◆ THE TASK ◆
In the entries below, find the line with "Happy Socks Men's" and the line with "10 oz Silver"; reproduce those two lines and all lines between them exactly, without pictures.

◆ DATA LISTING ◆
▬▬▬▬▬▬
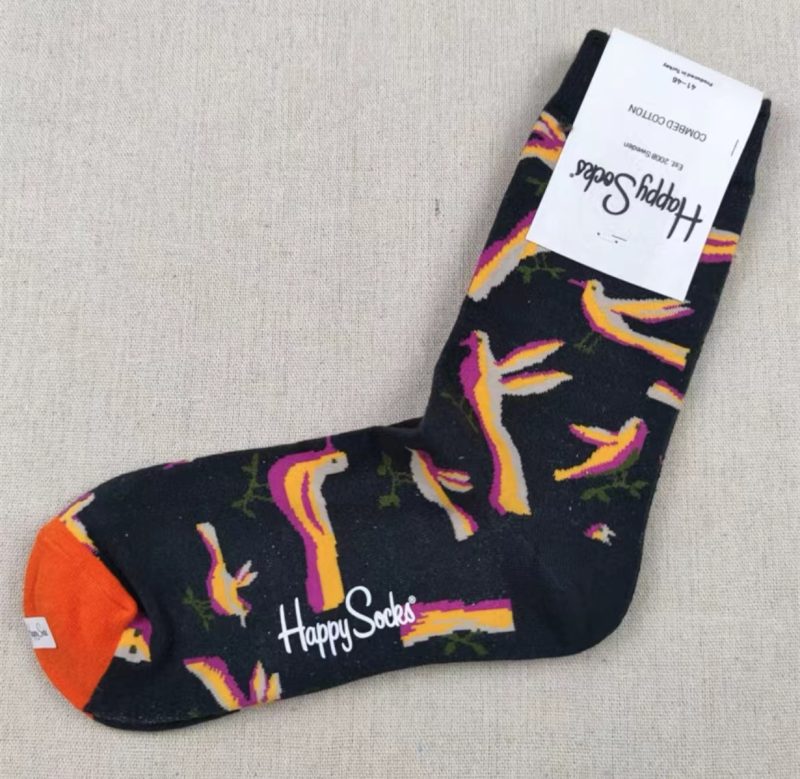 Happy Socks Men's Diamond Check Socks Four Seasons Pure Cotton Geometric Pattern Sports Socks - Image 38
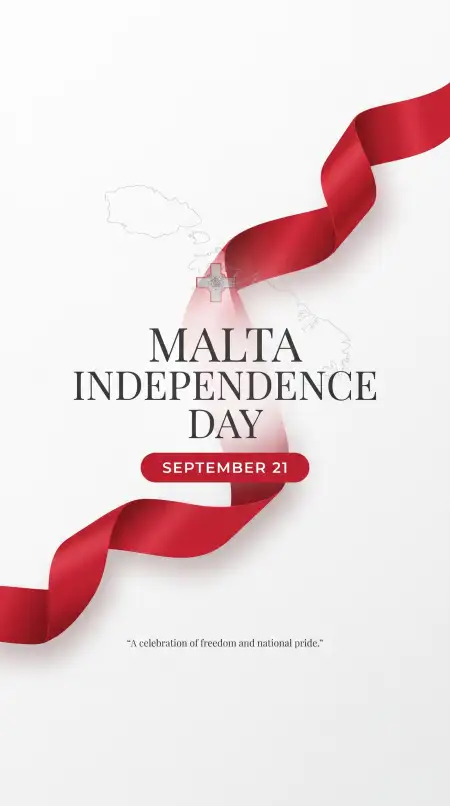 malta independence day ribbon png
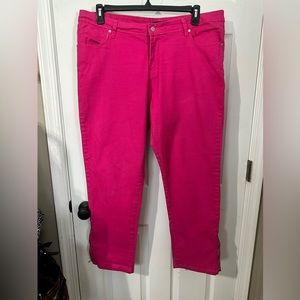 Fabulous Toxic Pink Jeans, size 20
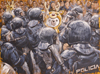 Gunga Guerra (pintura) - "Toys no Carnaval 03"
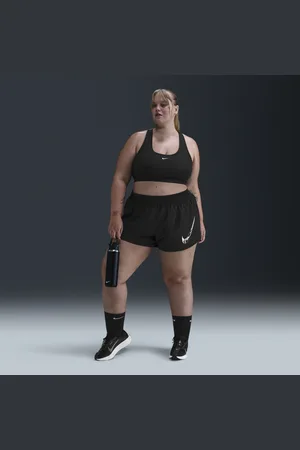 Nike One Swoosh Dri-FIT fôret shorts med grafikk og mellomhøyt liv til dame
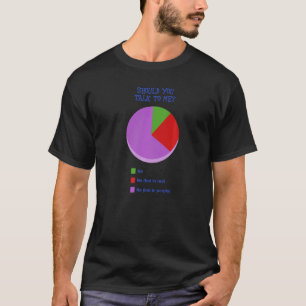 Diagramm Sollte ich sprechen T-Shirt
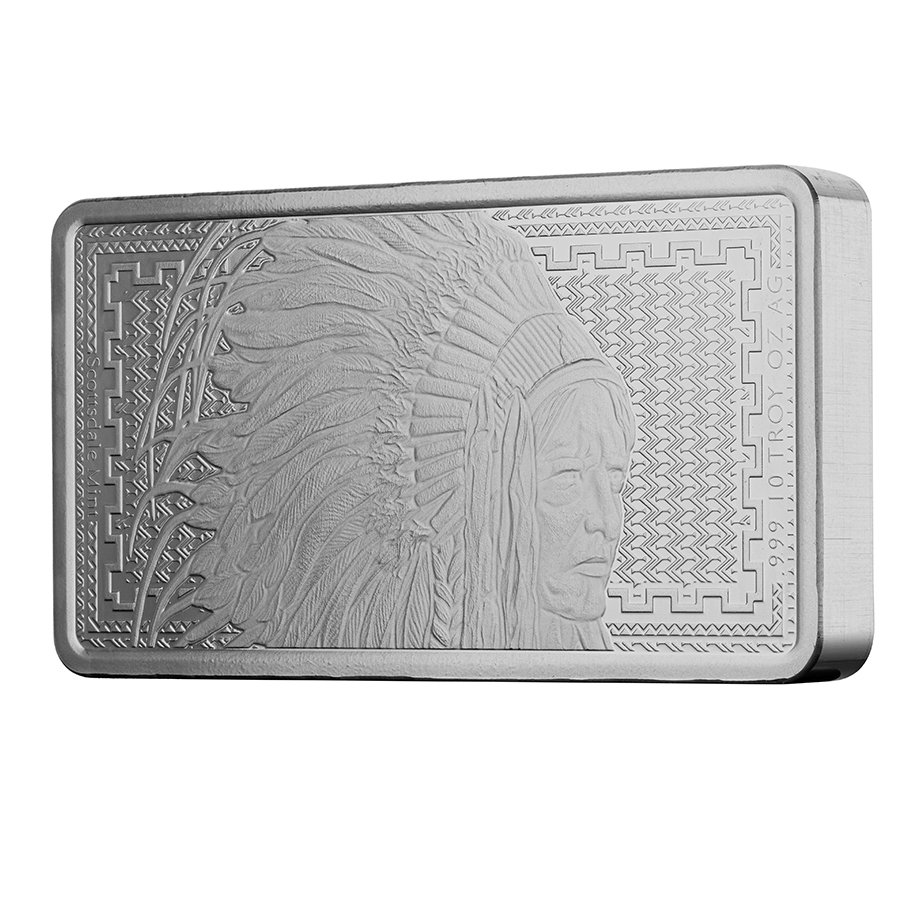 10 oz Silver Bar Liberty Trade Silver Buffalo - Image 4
▬▬▬▬▬▬
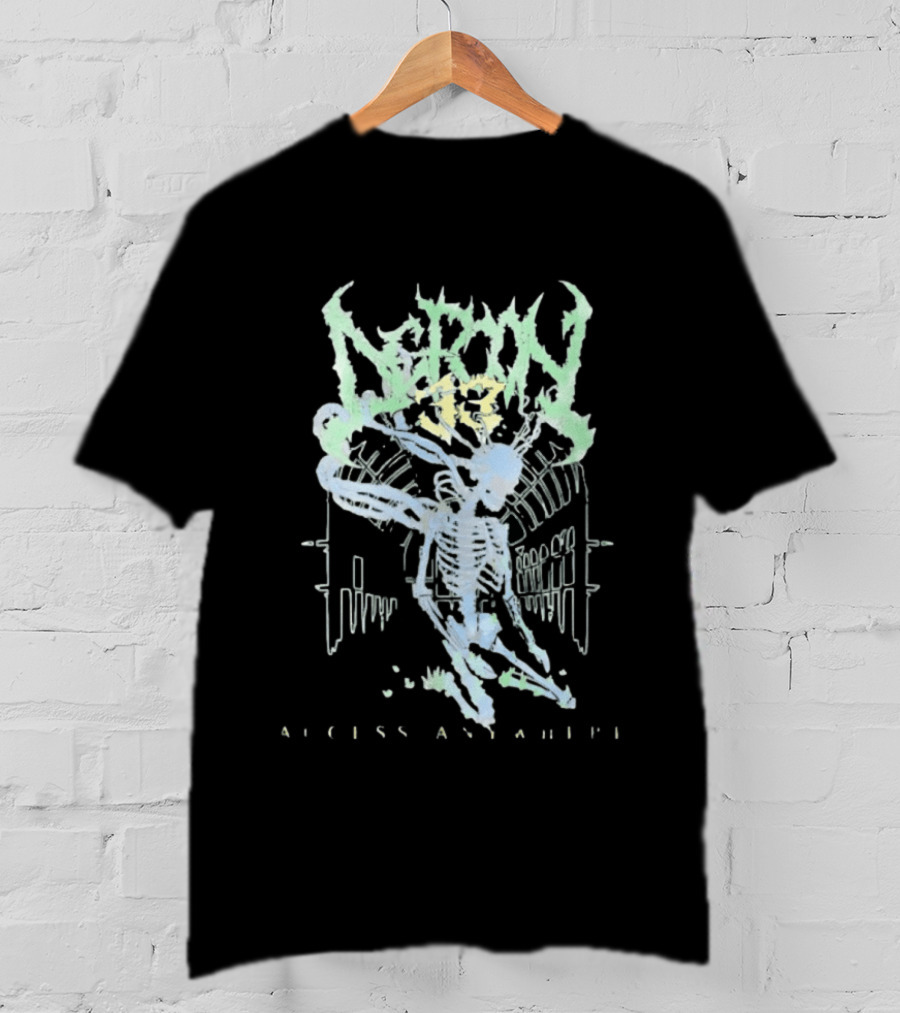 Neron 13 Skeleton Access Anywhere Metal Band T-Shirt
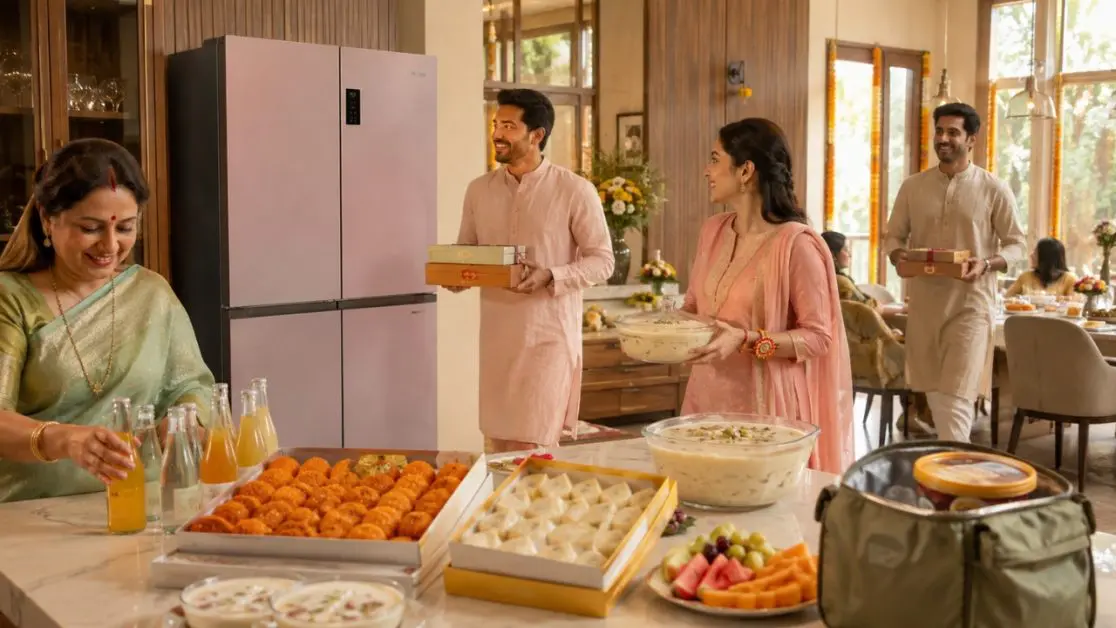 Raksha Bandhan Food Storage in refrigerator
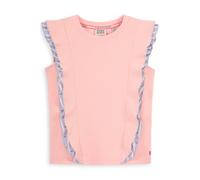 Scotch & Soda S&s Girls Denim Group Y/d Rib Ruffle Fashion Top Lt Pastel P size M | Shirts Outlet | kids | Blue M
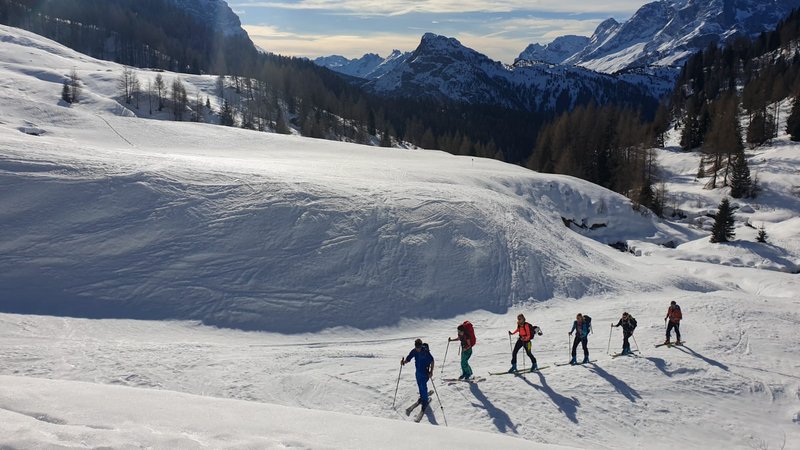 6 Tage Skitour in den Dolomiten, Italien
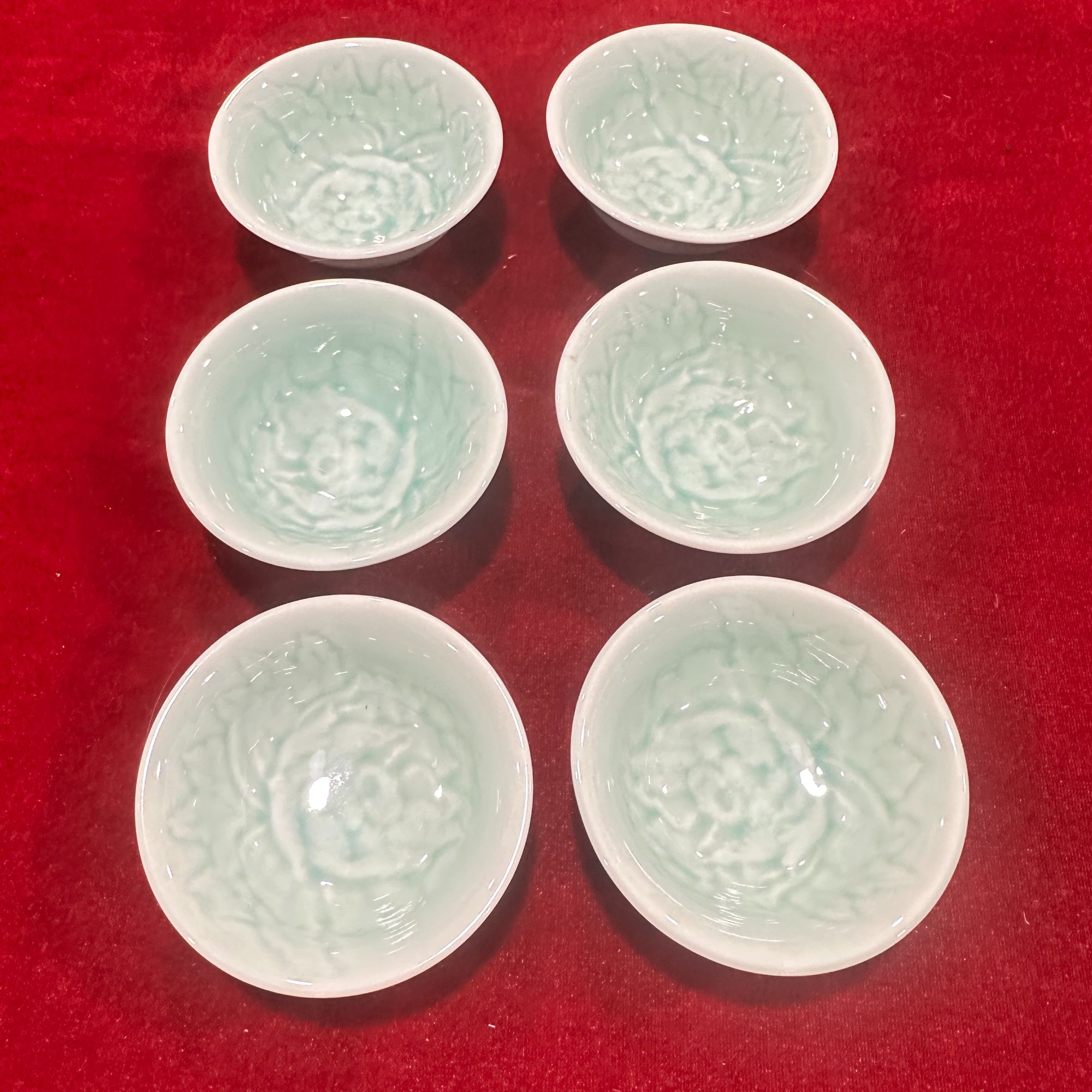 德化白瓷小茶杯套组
▬▬▬▬▬▬
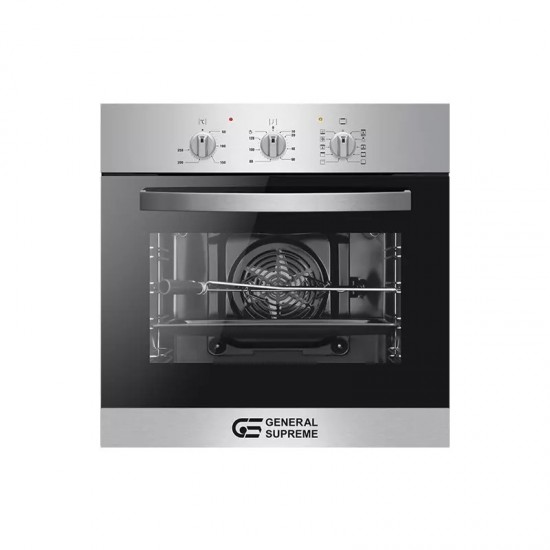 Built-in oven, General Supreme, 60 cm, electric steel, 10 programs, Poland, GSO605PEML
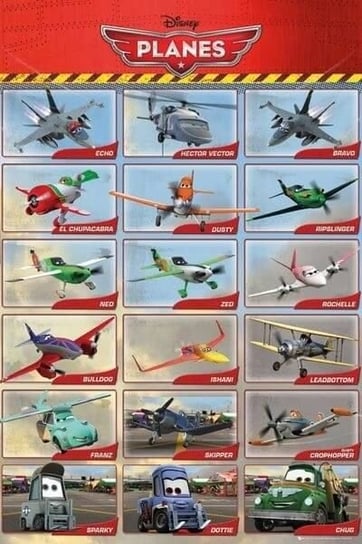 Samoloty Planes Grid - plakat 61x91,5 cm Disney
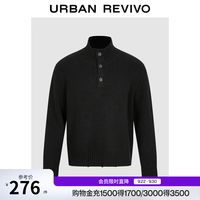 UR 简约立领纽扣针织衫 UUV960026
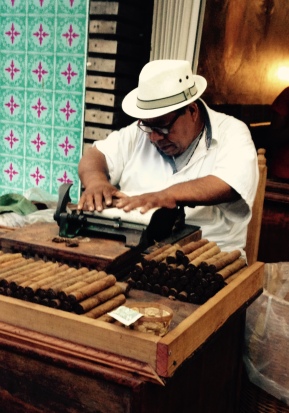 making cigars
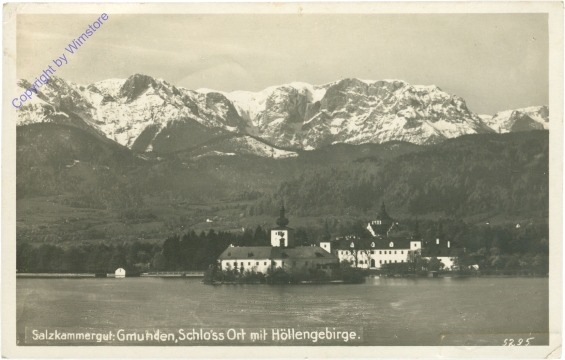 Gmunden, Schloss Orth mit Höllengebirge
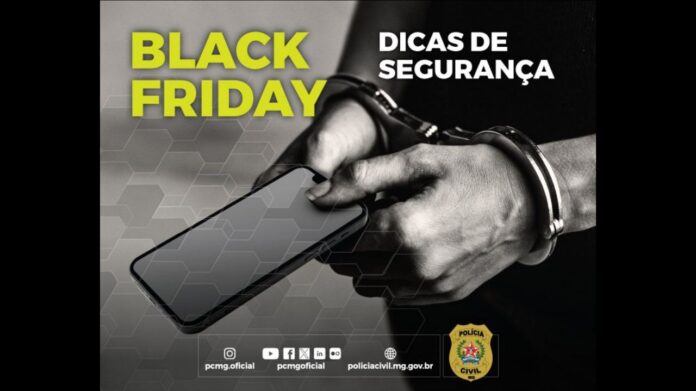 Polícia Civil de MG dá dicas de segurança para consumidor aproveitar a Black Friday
▬▬▬▬▬▬
◆ TASK RESPONSE ◆
 Happy Socks Men's Diamond Check Socks Four Seasons Pure Cotton Geometric Pattern Sports Socks - Image 38
 malta independence day ribbon png
 Fabulous Toxic Pink Jeans, size 20
 Gunga Guerra (pintura) - "Toys no Carnaval 03"
 Nike One Swoosh Dri-FIT fôret shorts med grafikk og mellomhøyt liv til dame
 Diagramm Sollte ich sprechen T-Shirt
 10 oz Silver Bar Liberty Trade Silver Buffalo - Image 4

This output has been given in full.